[GIVEN INFORMATION — start]

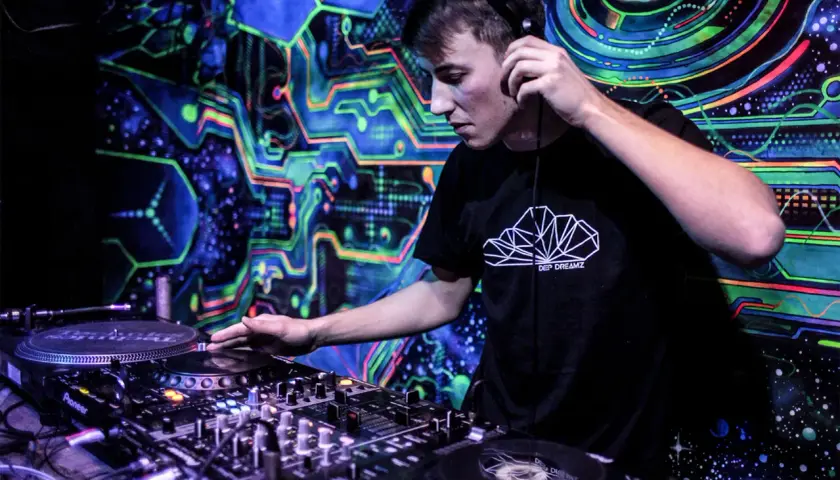 Jak zostać DJ-em w Polsce? Przewodnik po karierze i zarobkach
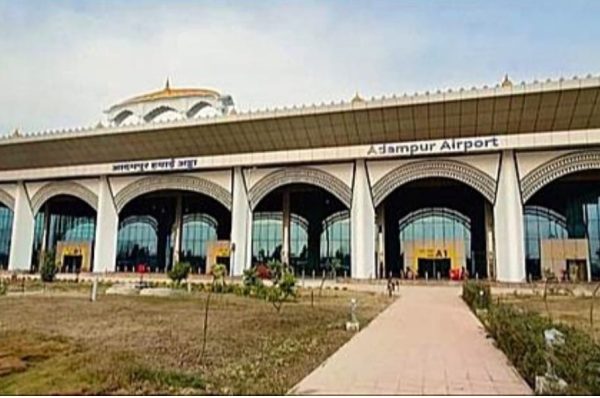 ਨਕਲੀ ਹਵਾਈ ਟਿਕਟਾਂ ਦਾ ਭਾਂਡਾ ਫੁੱਟਿਆ, ਏਜੰਟ ਰਾਹੀਂ ਟਿਕਟ ਖਰੀਦਣ ਵਾਲੀਆਂ ਮਹਿਲਾਵਾਂ ਤੋਂ ਪੁੱਛਗਿੱਛ, ਮਾਮਲਾ ਪੰਜਾਬ ਪੁਲਿਸ ਦੇ ਹਵਾਲੇ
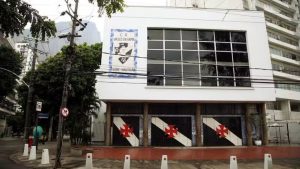 Um adolescente negro de 14 anos, que é atleta da base de remo do Vasco da Gama, foi detido pela Polícia Militar do Rio de Janeiro na última segunda-feira (15) e acusado de furtar um aparelho de telefone celular.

[GIVEN INFORMATION — finish]

**DIRECTIONS**. I would like the data above transcribed exactly, with its pictures left out.

**RESPONSE**.
 Jak zostać DJ-em w Polsce? Przewodnik po karierze i zarobkach
 ਨਕਲੀ ਹਵਾਈ ਟਿਕਟਾਂ ਦਾ ਭਾਂਡਾ ਫੁੱਟਿਆ, ਏਜੰਟ ਰਾਹੀਂ ਟਿਕਟ ਖਰੀਦਣ ਵਾਲੀਆਂ ਮਹਿਲਾਵਾਂ ਤੋਂ ਪੁੱਛਗਿੱਛ, ਮਾਮਲਾ ਪੰਜਾਬ ਪੁਲਿਸ ਦੇ ਹਵਾਲੇ
 Um adolescente negro de 14 anos, que é atleta da base de remo do Vasco da Gama, foi detido pela Polícia Militar do Rio de Janeiro na última segunda-feira (15) e acusado de furtar um aparelho de telefone celular.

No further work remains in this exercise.